14th-century Bishop of Durham

Thomas Hatfield or Thomas de Hatfield (died 1381) was Bishop of Durham from 1345 to 1381 under King Edward III. He was one of the last warrior-bishops in England.

He was born around 1310, presumably in one of the several British towns named Hatfield. He entered the employment of the king (Edward III) on 26 October 1337.

Hatfield was Receiver of the Chamber when he was selected to be Lord Privy Seal in late 1344. He relinquished that office to his successor in July 1345.

Hatfield was elected on 8 May 1345 in succession to Richard de Bury, and was consecrated on 7 August 1345.

Thomas fought in King Edward's division at the Battle of Crécy on 26 August 1346.

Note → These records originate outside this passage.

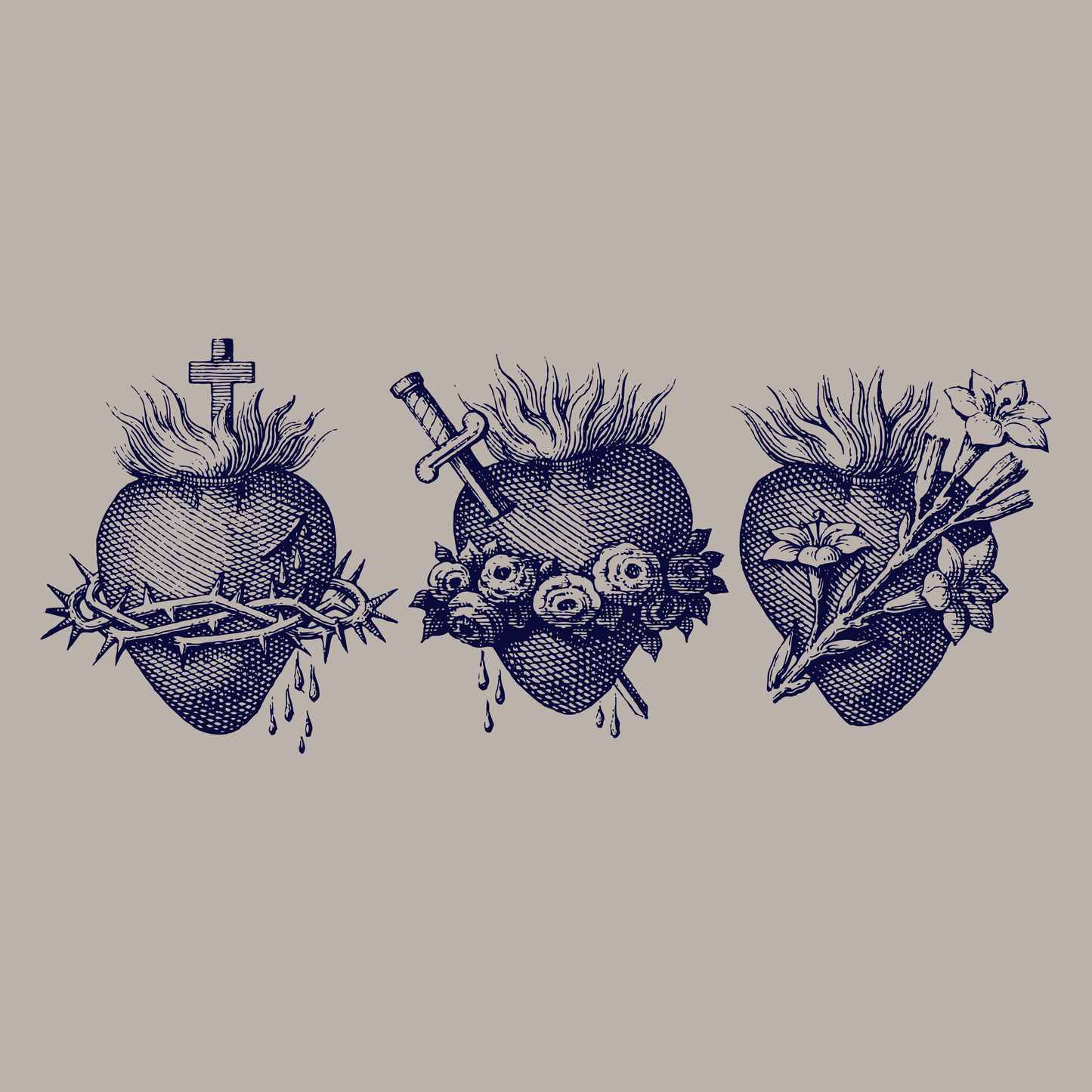 Holy Family Hearts | 3 Hearts of the Holy Family Tee: S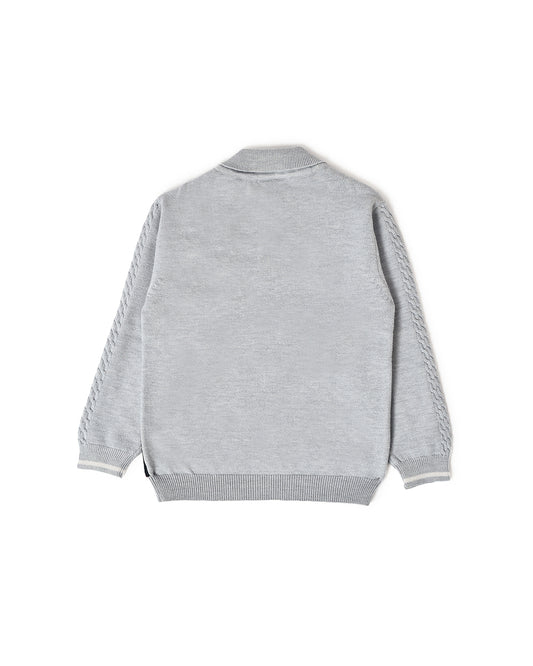 Mi Arcus Grey Winter Wear Sweater-Checkered-Viscose-For Infants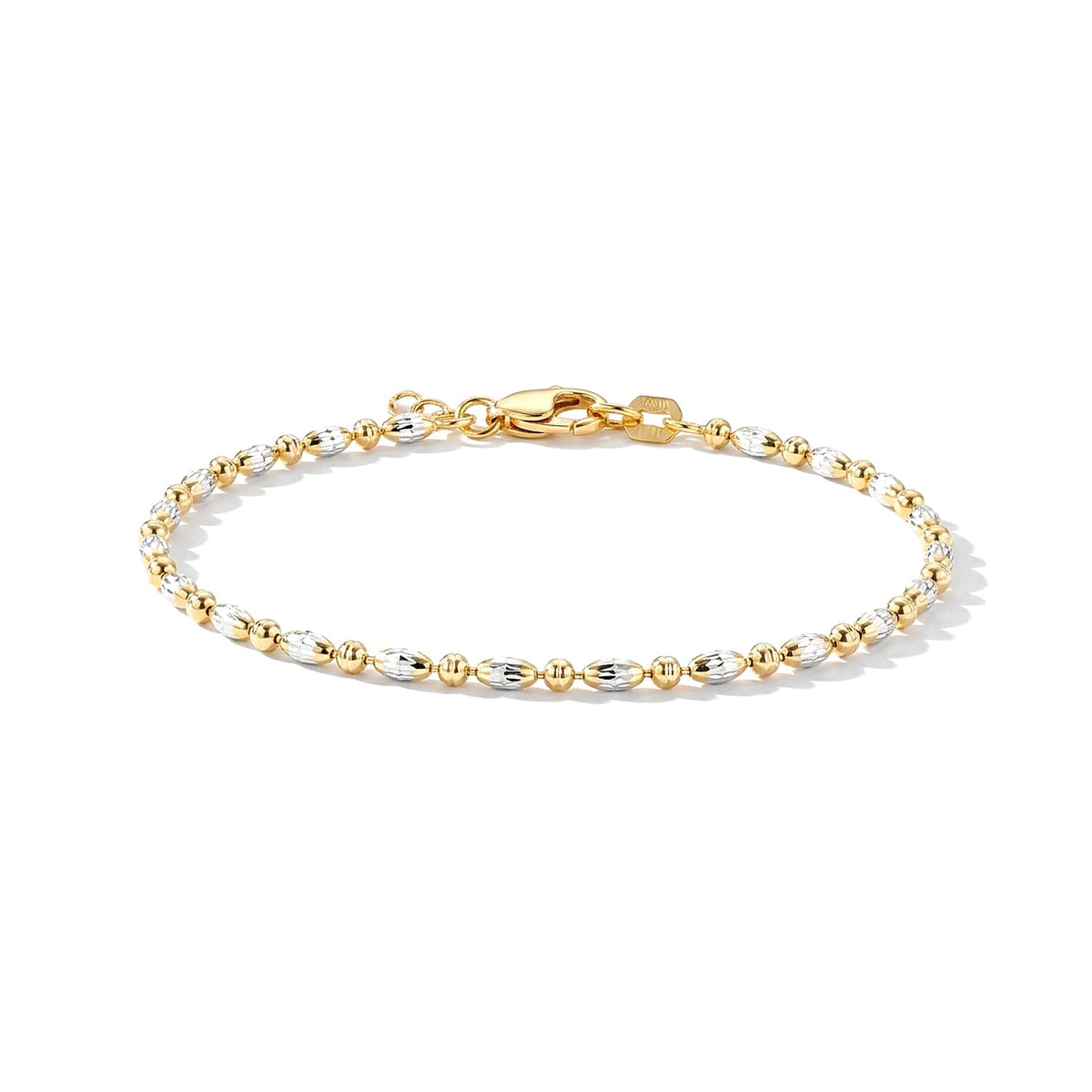 Italian 0.4mm CPOV JZ Moon Chain Bracelet in Rhodium Over Sterling Silver (7.00 In) 2.05 Grams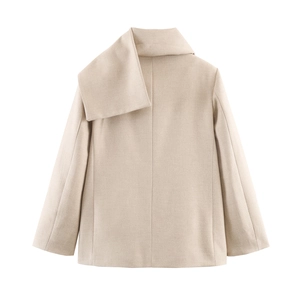 Beige mid-length long-sleeved blazer with asymmetric scarf collar and wool-like texture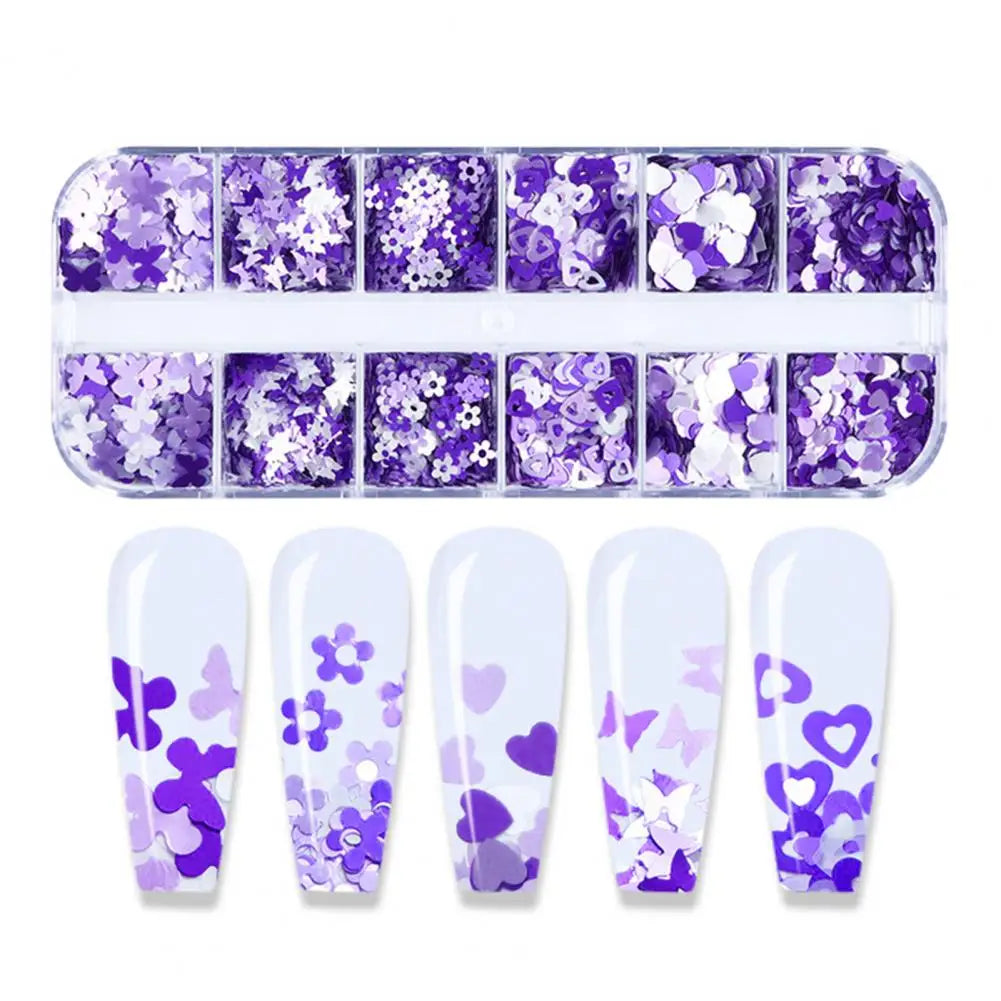 12 Grids Mixed Butterfly Pointed Star Design Nail Glitters Holographic Glitter Sequins Nail Patch DIY Nail Art Decoration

In 1380, he drew up a covenant to leave £3000 to endow Durham College, Oxford, which was the primary endowment of the college and enabled the construction of its quadrangle, chapel and surviving library, now part of the Durham Quadrangle of Trinity College, Oxford.

He died on 8 May 1381.

He is buried near the choir stalls in Durham Cathedral beneath the Bishop's Chair.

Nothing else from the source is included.